## [Directions for this task]
Return only the lines running from the top of the entries to the line with "Platinum Finish Sterling", inclusive, exactly as written.

=== Data records ===

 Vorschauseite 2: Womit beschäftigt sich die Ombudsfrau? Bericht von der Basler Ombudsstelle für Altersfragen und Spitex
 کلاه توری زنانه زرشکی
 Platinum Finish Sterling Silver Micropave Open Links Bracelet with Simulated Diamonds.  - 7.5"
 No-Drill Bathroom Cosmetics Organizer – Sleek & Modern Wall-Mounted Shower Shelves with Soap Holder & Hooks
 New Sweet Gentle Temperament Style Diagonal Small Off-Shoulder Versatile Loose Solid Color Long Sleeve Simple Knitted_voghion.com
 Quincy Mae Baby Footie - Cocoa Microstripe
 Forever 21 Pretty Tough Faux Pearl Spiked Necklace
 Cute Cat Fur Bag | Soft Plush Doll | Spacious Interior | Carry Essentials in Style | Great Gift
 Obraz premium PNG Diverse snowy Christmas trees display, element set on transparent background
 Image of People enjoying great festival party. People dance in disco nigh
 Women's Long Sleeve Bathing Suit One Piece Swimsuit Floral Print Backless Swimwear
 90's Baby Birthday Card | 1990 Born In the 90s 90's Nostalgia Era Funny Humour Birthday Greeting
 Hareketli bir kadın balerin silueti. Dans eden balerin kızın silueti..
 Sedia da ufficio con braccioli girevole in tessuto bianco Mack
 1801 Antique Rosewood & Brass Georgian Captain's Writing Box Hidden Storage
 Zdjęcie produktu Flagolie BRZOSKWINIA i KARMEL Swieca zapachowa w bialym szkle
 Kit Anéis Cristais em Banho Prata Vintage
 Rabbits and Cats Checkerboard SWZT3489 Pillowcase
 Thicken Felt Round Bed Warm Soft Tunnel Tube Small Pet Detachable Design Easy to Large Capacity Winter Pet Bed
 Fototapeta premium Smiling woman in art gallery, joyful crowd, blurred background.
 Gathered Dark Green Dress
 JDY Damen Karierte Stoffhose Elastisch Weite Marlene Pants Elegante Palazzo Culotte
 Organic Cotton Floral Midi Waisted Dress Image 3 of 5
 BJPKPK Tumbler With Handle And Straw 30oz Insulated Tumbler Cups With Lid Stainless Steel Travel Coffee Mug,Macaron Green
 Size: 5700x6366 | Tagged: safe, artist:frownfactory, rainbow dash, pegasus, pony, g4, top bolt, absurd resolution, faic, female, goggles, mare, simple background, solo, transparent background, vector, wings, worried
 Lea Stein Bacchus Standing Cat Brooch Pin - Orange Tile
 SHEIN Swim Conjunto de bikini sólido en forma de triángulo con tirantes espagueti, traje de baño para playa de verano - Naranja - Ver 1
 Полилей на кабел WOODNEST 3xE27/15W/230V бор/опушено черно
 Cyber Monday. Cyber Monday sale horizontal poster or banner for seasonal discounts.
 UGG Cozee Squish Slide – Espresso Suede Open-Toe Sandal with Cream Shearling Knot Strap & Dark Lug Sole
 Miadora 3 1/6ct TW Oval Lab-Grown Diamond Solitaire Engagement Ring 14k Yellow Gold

===

## [Output below]
 Vorschauseite 2: Womit beschäftigt sich die Ombudsfrau? Bericht von der Basler Ombudsstelle für Altersfragen und Spitex
 کلاه توری زنانه زرشکی
 Platinum Finish Sterling Silver Micropave Open Links Bracelet with Simulated Diamonds.  - 7.5"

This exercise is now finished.